Etienne Beudant, Extérieur et haute école, 1921. 

E’ da questo libro scritto da Beudant, ufficiale di cavalleria della scuola di Saumur, che vorrei partire per questa mia riflessione.

Innanzi tutto bisogna ricordare che trascorse gran parte della sua carriera in reggimenti di cavalleria nel Nord Africa e che i cavalli che si trovava ad addestrare, come è d’uopo nell’uso militare, dovevano servire innanzi tutto a compiti pratici (tiro pesante, servizi di pattuglia, servizi postali). 

Prima cosa da notare è che Beudant fu introdotto al baucherismo dal generale Faverot de Kerbrech, corrente di pensiero che al giorno d’oggi è collegata soprattutto a Philippe Karl, idolatrato da tanti, inviso ai più ma comunque, indubbiamente persona nell’immaginario comune avulsa dalla realtà.

Eppure Beudant, fedele all ‘”incredibile Maestro” di cui ha posseduto indubbiamente il metodo “semplice e logico”, riuscirà a ottenere risultati meravigliosi  ma soprattutto utili con tutti i suoi cavalli. 
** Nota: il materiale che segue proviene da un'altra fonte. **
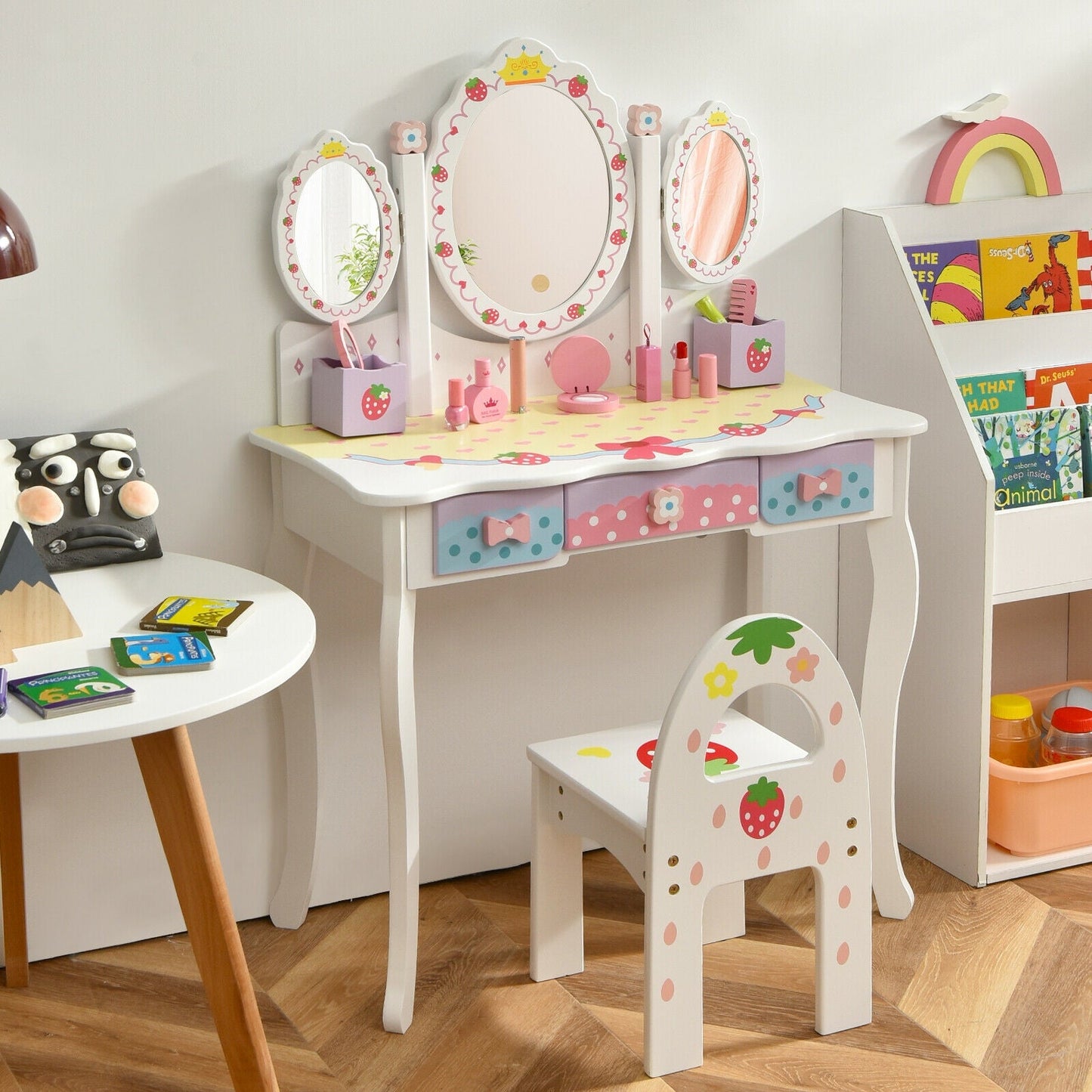 Ensemble de table de maquillage princesse pour enfants avec chaise - Blanc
La sua opera testimonia dunque che la ricerca della leggerezza  è tutt’altro che la frivolezza che immaginiamo oggi pensando ad una spalla in dentro o a un’appoggiata (fatte per deliziare gli occhi di incontentabili delle giurie)… ma anzi serviva a rendere i cavalli più forti e sicuri in tutto quel che dovevano fare, in generale più rispondenti agli ordini nella perfetta integrità del loro equilibrio psicofisico

Tutto questo oggi si è perso.

Chi pratica dressage raramente prepara un lavoro sul salto o viceversa (solo per fare un esempio), e quel che ci ritroviamo ad essere è, nel migliore dei casi, dei perfetti specialisti ignoranti di quanto esula dal nostro settore.

Lo specialismo cui va incontro il cavallo è dunque direttamente proporzionale allo specialismo del cavaliere il quale, sentendo anche solo nominare pratiche addestrative attinenti ad altre discipline, rabbrividisce e chiude ogni comunicazione. 
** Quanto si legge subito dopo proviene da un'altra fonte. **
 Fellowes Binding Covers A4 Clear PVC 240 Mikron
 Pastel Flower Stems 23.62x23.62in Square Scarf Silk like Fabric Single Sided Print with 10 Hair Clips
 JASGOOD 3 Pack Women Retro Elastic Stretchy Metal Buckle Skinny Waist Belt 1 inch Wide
Non mi stancherò mai di dire, però, che ciò che ci deve guidare nella scelta dell’addestramento del nostro cavallo (perchè ricordiamolo, non esiste un modo neutro di montare o guidare un cavallo, chiunque su di lui lascia un’impronta e pertanto migliora o degrada) è innanzi tutto la logica e la ricerca dell’economia dei mezzi per il migliore dei risultati. 
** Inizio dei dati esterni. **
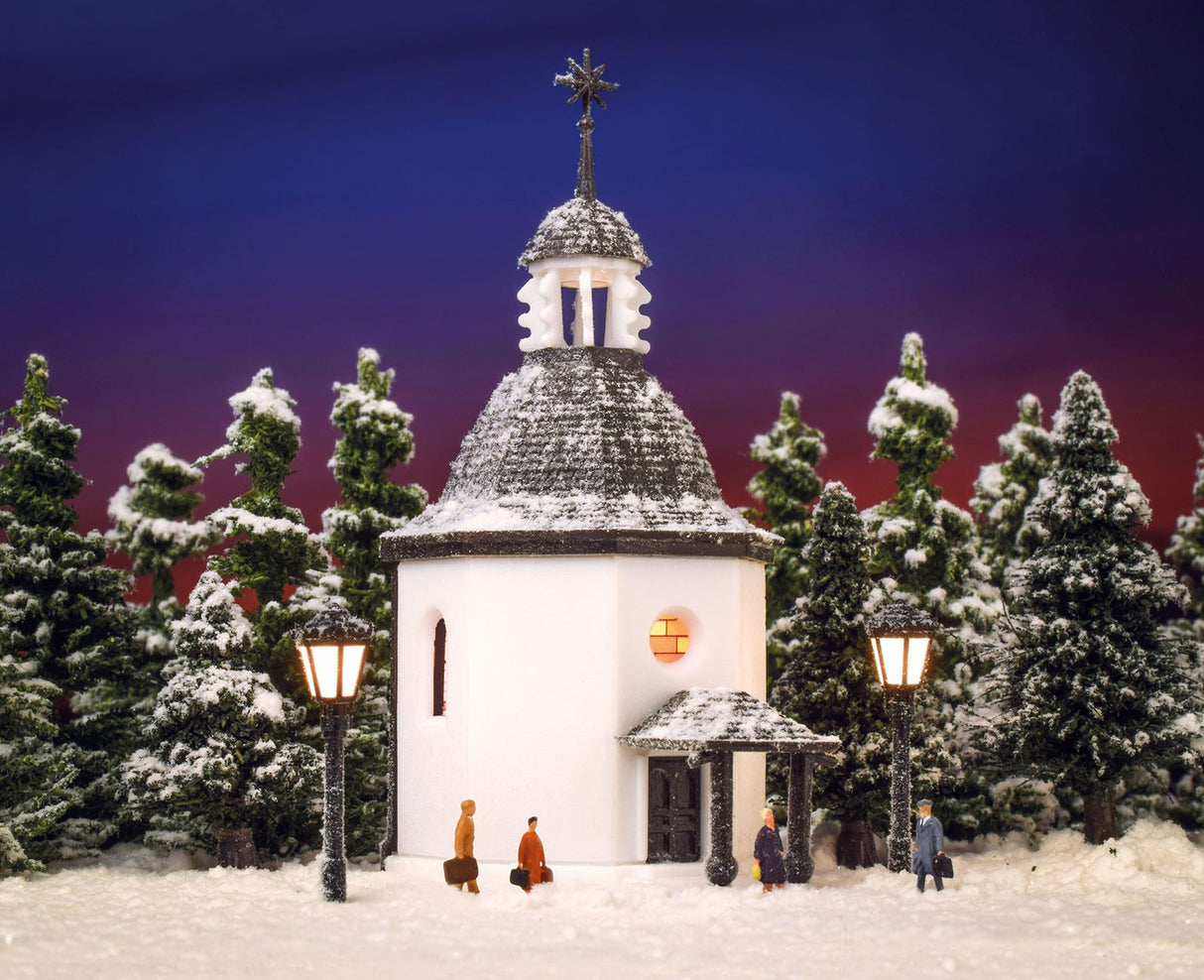 Silent Night Memorial Chapel with LED Lighting and Artificial Snow, Functional Kit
Massima apertura mentale dunque alla multidisciplinarietà: è davvero ingenuo credere che se una persona monta in dressage, sia il caso che eviti di saltare o andare in campagna per non assumere una brutta posizione; così come è ridicolo credere che guidando un sulky si diventi incapaci di guidare una carrozza in una prova coni. La conoscenza parte dall’esperienza ma si arricchisce con la teoria e la capacità di adattarsi alle diverse situazioni: questo è ciò che rende un cavaliere più o meno capace, più o meno completo.

Certo, è innegabile che per poter spaziare nelle diverse discipline con un minimo di costrutto sia necessaria una solida base, ma questa non deve essere fatta da pregiudizi, bensì da linee guida coerenti. 

Alla fine delle redini, siano esse lunghe, cortissime, morbide, con maniglie o di corda c’è sempre una bocca, la stessa identica che il cavallo porta con sè per saltare, passeggiare, galoppare a 60 km/h o fare un piaffe. 

I risultati poi arrivano, sia quelli visibili da tutti, sia quelli squisitamente privati, gli uni non meno importanti degli altri… 

Perciò il mio appello a non avere paura di essere tacciati da incoerenti, a non aver paura di sperimentare purchè si rimanga desti, logici e umili.